Una simile aritmetica a somma zero si applicherà alle mosse di Pechino per aumentare la sua presenza militare internazionale al di là dei soli Emirati Arabi Uniti. La Cina ha già una base militare a Gibuti e un’installazione in Cambogia. Secondo quanto riferito, ha cercato di ottenere ulteriori strutture in Guinea Equatoriale, nelle Isole Salomone, a Vanuatu e altrove. Come ha fatto con gli Emirati Arabi Uniti, Washington si opporrà agli obiettivi della Cina e farà pressione sui Paesi terzi affinché rifiutino le costruzioni e i dispiegamenti cinesi. Questo braccio di ferro sarà particolarmente acuto nelle isole del Pacifico, dove l’espansione del potere militare cinese potrebbe limitare la libertà d’azione navale degli Stati Uniti. Washington e Pechino si stanno già contendendo la fedeltà degli Stati insulari del Pacifico, anche se la competizione in Paesi come le Isole Marshall, la Micronesia e la Papua Nuova Guinea ha prodotto finora una guerra di offerte piuttosto che una serie di scelte obbligate.

MEGLIO CON GLI USA?
Gli Stati Uniti dovrebbero rendere più facile per i Paesi sostenerli sulle questioni che contano di più. Washington dovrebbe iniziare a fornire alternative realistiche a quanto offerto dalla Cina. Le minacce statunitensi di escludere i Paesi dalla condivisione dell’intelligence se avessero utilizzato Huawei – che ha fornito una rete 5G all-in-one a un costo inferiore rispetto a qualsiasi altra offerta occidentale – sono state inefficaci.
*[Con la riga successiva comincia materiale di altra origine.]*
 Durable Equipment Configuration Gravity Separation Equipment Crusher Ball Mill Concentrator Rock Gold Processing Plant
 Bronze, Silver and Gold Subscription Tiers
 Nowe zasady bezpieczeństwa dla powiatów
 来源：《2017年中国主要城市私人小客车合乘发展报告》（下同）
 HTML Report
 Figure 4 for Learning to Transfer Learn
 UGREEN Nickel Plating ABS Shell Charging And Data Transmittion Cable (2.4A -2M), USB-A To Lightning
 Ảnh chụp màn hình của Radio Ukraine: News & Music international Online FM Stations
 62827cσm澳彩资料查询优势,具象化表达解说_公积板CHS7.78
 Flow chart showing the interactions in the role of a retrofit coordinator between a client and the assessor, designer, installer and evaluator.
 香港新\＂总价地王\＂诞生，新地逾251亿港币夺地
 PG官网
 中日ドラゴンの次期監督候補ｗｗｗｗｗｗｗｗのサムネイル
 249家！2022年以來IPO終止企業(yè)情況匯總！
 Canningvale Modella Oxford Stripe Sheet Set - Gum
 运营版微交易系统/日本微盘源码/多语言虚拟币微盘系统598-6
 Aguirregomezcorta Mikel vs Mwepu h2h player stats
Quando Washington ha lavorato con gli alleati per fornire alternative significative, tuttavia, i Paesi hanno iniziato a riconsiderare la questione, soprattutto quando la Cina è diventata più bellicosa. Gli sforzi per diversificare le forniture dalla Cina in settori quali i minerali di terre rare, i pannelli solari e alcuni prodotti chimici saranno fattibili solo se i Paesi avranno a disposizione altre fonti a costi ragionevoli. Gli Stati Uniti non possono fornire sostituti a tutto ciò che la Cina produce e fa, e nella maggior parte dei casi non è necessario che lo facciano. Washington dovrebbe invece identificare le aree con i maggiori rischi per la sicurezza nazionale e lavorare rapidamente con i partner per sviluppare alternative.

Gli Stati Uniti dovrebbero anche cercare, per quanto possibile, di evitare di chiedere ai Paesi di danneggiare le loro relazioni economiche con la Cina. A volte sarà inevitabile farlo, come quando Washington organizza una coalizione sui semiconduttori o guida altri governi a imporre sanzioni sui diritti umani a Pechino. Ma queste coalizioni dovrebbero essere minimamente invasive. Gli Stati Uniti conquisteranno pochi alleati se metteranno a rischio il commercio e gli investimenti di altri Paesi con la Cina. Per ottenere il sostegno di amici e alleati sui controlli delle esportazioni, sulle revisioni degli investimenti in uscita, sulla diversificazione della catena di approvvigionamento e sulla biforcazione della tecnologia, meno sarà meglio.

Infine, se Washington vuole che i Paesi collaborino con lei e si oppongano a Pechino, deve dimostrare maggiore presenza e impegno. I Paesi possono essere disposti a sostenere costi e rischiare ritorsioni cinesi collaborando con gli Stati Uniti, ma solo se Washington si schiera con loro su altre questioni. Tuttavia, la sensazione che gli Stati Uniti siano assenti, non impegnati o incompetenti quando il gioco si fa duro li indurrà ad allinearsi o semplicemente ad acconsentire alle preferenze della Cina. Gli Stati Uniti devono quindi affidarsi a un impegno diplomatico sostenuto, ad accordi commerciali, a impegni di difesa reiterati, a campagne militari e ad ampi aiuti allo sviluppo, soprattutto nell’Indo-Pacifico, per rassicurare quei Paesi che dubitano della capacità di resistenza degli Stati Uniti e si preoccupano della potenza della Cina.

I Paesi non possono avere la botte piena e la moglie ubriaca. È arrivato il momento di scegliere. I Paesi dovranno decidere se schierarsi, o sembrare schierati, con Washington o con Pechino. Gli Stati Uniti, invece di rassicurare le capitali sul fatto che non c’è una scelta del genere, dovrebbero accettare questa realtà e aiutare le capitali straniere a prendere le decisioni giuste.

RICHARD FONTAINE è direttore generale del Center for a New American Security. Ha lavorato presso il Dipartimento di Stato degli Stati Uniti, nel Consiglio di sicurezza nazionale e come consigliere di politica estera del senatore americano John McCain.